From a development perspective, how does does the indeed.com URL structure and site work?


On the webmaster's Q and A site, I asked the following:

https://webmasters.stackexchange.com/questions/42730/how-does-indeed-com-make-it-to-the-top-of-every-single-search-for-every-single-c

But, I would like a little more information about this from a development perspective.

If you search Google for anything job related, for example, Gastonia Jobs (City + jobs), then, in addition to their search results dominating the first page of Google, you get a URL structure back that looks like this:

indeed.com/l-Gastonia,-NC-jobs.html

I am assumming that the L stands for location in the URL structure.

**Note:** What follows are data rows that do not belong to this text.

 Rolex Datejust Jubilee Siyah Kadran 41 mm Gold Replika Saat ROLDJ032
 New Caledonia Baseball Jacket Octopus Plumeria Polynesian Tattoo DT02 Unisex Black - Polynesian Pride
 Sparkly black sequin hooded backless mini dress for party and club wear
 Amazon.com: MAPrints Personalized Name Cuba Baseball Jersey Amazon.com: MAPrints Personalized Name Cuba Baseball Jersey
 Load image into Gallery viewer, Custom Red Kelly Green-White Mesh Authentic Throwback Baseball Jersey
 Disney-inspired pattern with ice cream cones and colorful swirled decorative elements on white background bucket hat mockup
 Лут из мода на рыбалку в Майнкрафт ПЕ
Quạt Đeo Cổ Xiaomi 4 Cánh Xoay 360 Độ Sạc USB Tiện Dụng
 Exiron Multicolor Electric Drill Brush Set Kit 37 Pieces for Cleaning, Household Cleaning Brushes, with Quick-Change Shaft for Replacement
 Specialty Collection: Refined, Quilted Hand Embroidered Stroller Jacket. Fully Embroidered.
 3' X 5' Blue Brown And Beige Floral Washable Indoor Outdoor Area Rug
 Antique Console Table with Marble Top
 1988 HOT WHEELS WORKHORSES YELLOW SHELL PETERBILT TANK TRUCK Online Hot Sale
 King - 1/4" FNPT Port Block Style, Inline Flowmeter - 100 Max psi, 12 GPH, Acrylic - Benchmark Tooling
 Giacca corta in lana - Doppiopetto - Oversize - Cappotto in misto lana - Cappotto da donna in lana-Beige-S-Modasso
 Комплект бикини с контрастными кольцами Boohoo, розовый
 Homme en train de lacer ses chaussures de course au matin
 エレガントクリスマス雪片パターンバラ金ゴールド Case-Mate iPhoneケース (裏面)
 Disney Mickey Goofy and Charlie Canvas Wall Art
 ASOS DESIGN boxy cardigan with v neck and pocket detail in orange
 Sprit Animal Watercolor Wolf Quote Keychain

If you do a search for an industry related job, or a job with a specific company name, you will get back something like the following (Microsoft jobs):

indeed.com/q-Microsoft-jobs.html

With just over 40,000 cities in the USA I thought, ok, maybe it's possible they looped through them and created a page for every single one. That would not be hard for a computer. But then obviously the site is dynamic as each of those pages has 10000s of results and paginated by 10. The q above obviously stands for query. The locations I can understand, but they cannot possibly have created a web page for every single query combination, could they?

Ok, it gets a tad weirder. I wanted to see if they had a sitemap, so I typed into Google "indeed.com sitemap.xml" I got the response:

indeed.com/q-Sitemap-xml-jobs.html

.. again, I searched for "indeed.com url structure" and, as I mentioned in the other post on webmasters, I got back:

indeed.com/q-change-url-structure-l-Arkansas.html

Is indeed.com somehow using programming to create a webpage on the fly based on my search input into google? If they are not, how are they able to have a static page for millions and millions and millions possible query combinations, have them dynamically paginate, and then have all of those dominate google's first page of results (albeit that very last question may be best for the webmasters QA)?

Does the javascript in the page somehow interact with the URL


Solution

  • It's most likely not a bunch of pages. The "actual" page might be http://indeed.com/?referrer=google&searchterm=jobs%20in%20washington. The site then cleverly produces a human readable URL using URL rewrite, fetches jobs in the database that matches the query, and voíla...

    I could be dead wrong of course. Truth be told, the technical aspect of it can probably be solved in a multitude of ways. Every time a job is added to the site, all pages that need to be done to match that job, might be created, thus producing an enormous amount of pages for Google to crawl.